I admit it: I’m something of a virgin at craps. I’ve played before, under Tony’s expert tutelage, but the game itself has its rhythms and rules that befuddle new players. It’s easy to freeze and just “watch” and try to figure things out. But do not fear, dear readers — I will share some tips to make you more comfortable being deflowered at the craps table.
- Craps is a social game. Don’t stand there like a child molester on the other side of the chain-link fence. Talk to the staff, talk to fellow players. Encourage the shooter.
- Never hold your drink over the felt — the croupier will yell at you if you do.
- Every now and then, tip the crew with a bet.
- Watch your chips.
- Don’t try to place bets or chip in while the dice are rolling or while the dealers are settling up wins/losses. Don’t place a bet until the point is set (the marker on a number saying “on”) if you’re just approaching a table.
- When you shoot the dice, throw (don’t slide) them and make sure you bounce them off the far wall. Don’t chuck them overhand. The goal is to keep them on the table, not to bean the old guy 30 feet away. Don’t take the dice outside of the felt area, and use only one hand when touching the dice (e.g., don’t cup them and shake them). If you do accidentally toss the dice off the table, the dealers will automatically replace them — but it’s considered appropriate to yell “same dice!” to get the original pair back.
- Speaking of shooting — the dice move clockwise around the table and the same shooter throws until he craps out (i.e., rolls a 7 after the point is set, or rolls a 2, 3 or 12 before the point is set).
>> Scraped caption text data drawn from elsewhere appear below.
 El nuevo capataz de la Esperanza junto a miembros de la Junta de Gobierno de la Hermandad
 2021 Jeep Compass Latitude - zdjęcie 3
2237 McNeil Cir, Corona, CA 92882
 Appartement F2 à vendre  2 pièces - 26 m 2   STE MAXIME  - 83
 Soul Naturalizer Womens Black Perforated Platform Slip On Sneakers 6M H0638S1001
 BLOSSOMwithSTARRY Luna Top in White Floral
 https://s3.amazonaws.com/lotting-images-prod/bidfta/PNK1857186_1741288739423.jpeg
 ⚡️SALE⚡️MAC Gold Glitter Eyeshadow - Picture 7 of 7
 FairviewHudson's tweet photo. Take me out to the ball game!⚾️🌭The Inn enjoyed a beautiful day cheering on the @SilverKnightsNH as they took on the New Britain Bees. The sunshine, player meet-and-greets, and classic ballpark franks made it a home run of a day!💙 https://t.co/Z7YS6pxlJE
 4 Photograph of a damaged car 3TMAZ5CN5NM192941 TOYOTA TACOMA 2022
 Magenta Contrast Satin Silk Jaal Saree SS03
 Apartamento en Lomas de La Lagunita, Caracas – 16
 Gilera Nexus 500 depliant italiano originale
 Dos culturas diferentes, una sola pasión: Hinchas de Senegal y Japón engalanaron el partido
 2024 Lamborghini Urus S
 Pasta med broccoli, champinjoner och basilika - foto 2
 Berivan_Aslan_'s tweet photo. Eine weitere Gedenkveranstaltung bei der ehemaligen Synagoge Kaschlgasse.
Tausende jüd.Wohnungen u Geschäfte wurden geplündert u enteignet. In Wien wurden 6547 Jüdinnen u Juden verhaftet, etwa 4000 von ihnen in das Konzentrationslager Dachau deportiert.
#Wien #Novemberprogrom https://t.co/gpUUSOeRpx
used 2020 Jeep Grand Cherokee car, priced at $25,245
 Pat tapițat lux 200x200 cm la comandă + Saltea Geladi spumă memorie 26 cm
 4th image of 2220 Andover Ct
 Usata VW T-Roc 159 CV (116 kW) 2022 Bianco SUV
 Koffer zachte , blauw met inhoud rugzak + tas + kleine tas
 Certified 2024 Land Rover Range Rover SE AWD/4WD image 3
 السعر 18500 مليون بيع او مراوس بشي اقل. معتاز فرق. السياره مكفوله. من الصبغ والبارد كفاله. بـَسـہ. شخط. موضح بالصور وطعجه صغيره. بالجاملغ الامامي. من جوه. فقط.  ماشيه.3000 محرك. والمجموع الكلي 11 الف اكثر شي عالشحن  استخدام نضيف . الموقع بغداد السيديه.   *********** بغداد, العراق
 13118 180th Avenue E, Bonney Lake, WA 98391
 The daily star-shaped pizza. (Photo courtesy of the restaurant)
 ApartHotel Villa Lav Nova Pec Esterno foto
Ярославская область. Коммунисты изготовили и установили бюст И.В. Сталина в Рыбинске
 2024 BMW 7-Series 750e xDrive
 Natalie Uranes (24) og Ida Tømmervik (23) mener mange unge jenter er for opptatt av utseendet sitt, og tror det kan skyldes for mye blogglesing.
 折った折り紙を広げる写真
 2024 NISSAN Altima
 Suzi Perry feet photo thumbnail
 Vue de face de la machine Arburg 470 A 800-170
If the shooter is to your immediate right, you’ll be next up when he craps out.
- The basic bet is the “pass line” — you are betting that the shooter will roll the point before hitting a 7. You must have a pass line bet if you are the shooter. On the come-out roll, the pass line wins if the shooter rolls 7 or 11 before making point (and loses on 2, 3 and 12). After the point is set, the pass line wins when the roller hits point and loses when the roller hits 7. The pass line always earns even money (i.e., you’ll be paid $5 on a $5 bet). A pass line bet — like all line bets — remains on the table if the player neither wins nor loses.
- The “don’t pass” bet is similar but inverse, but at most tables it’s considered bad form because you’re betting against the shooter.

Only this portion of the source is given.